I've been following this story since it broke; the Telegraph has been scathing of the whole thing.

Pagan said...

It's now months later; the shool trundles on without Mrs Hill. A true Christian school would surely tell us this whole truth they allude to, rather than make a few enigmatic remarks, alongside silence about some of those involved. My experience shows that professionals right across the board NEVER agree - until a defensive story has to be told.

Woman on a Raft said...

One of the down-sides of more independent schools is that there are often either fights or back-scratching between the heads and governors, representing both ends of the spectrum where the adults stop serving the interests of the children and start running the place to suit their own private squabbles.
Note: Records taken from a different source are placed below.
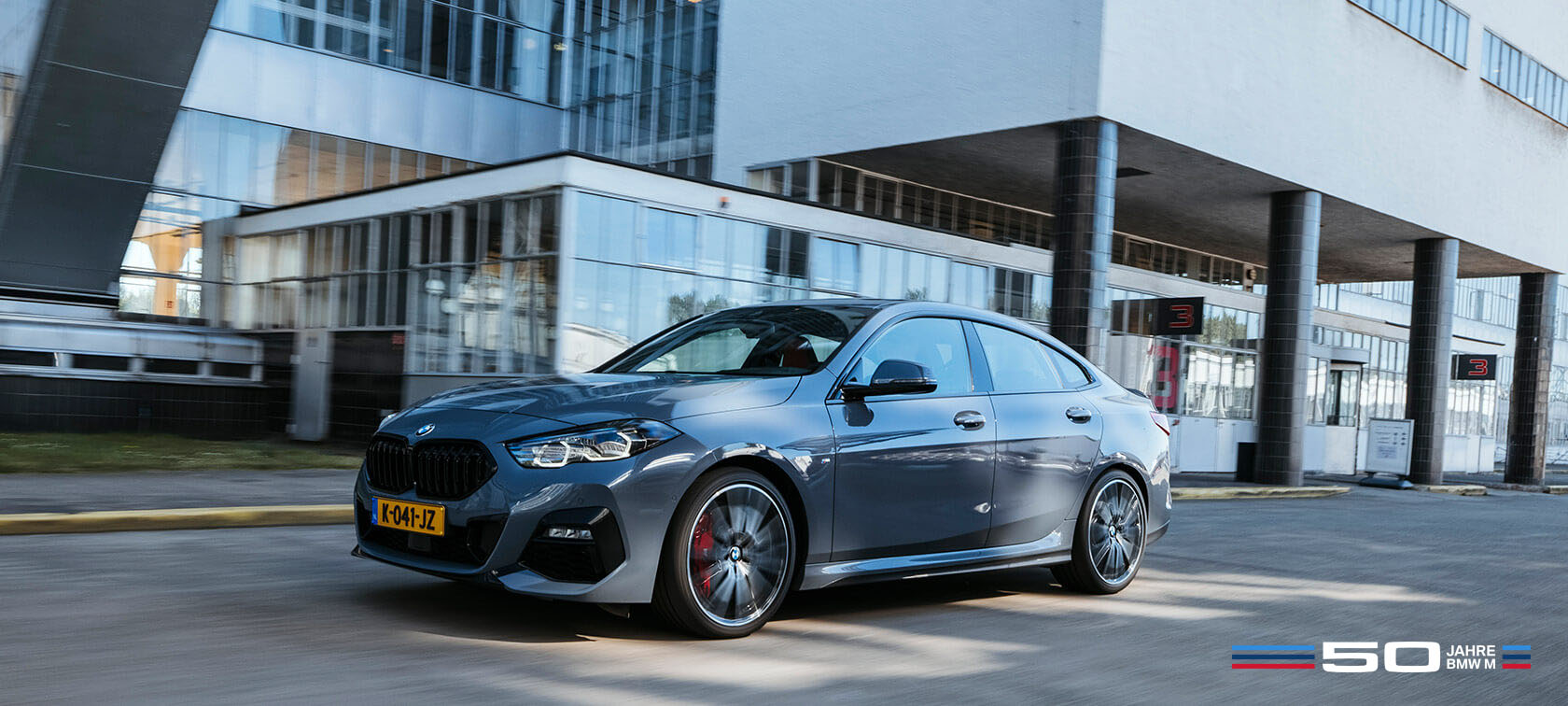 50 Jaar BMW M Editions - BMW 2 Serie Gran Coupé - THE 2 - F44 50 Jaar BMW M Editions - BMW 2 Serie Gran Coupé - THE 2 - F44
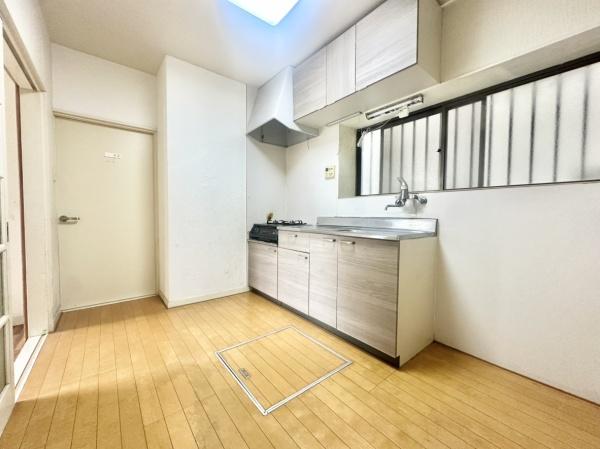 川口市柳崎2丁目　戸建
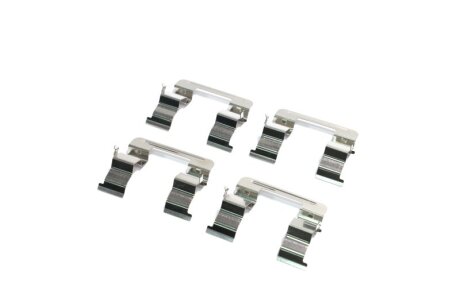 Монтажний к-кт гальмівних колодок MAZDA 6 2002-2007 -ua ERT 420115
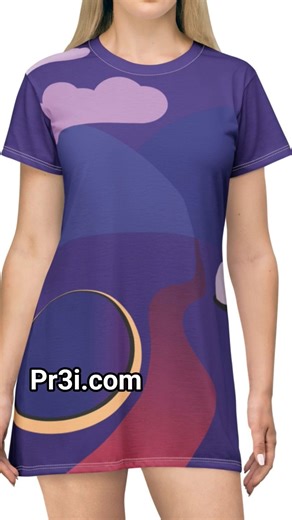 Moonlight Night | Elegant Minimal Moon Design | Calm, Chill & Aesthetic. pr3i.com #MoonlightNight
No school is immune from this - it seems to be human nature and bears no relation to the intellectual capacities of the adults - but the state schools have a slightly better control mechanism because there are more authorities which can force themselves in to the dispute who don't have children at the school and therefore don't have a dog in the fight.

Sadly, being Christian is no proof against this. I've seen absolutely rotten behaviour by the adults in a cathedral school.

They should all be ashamed of themselves. They won't be.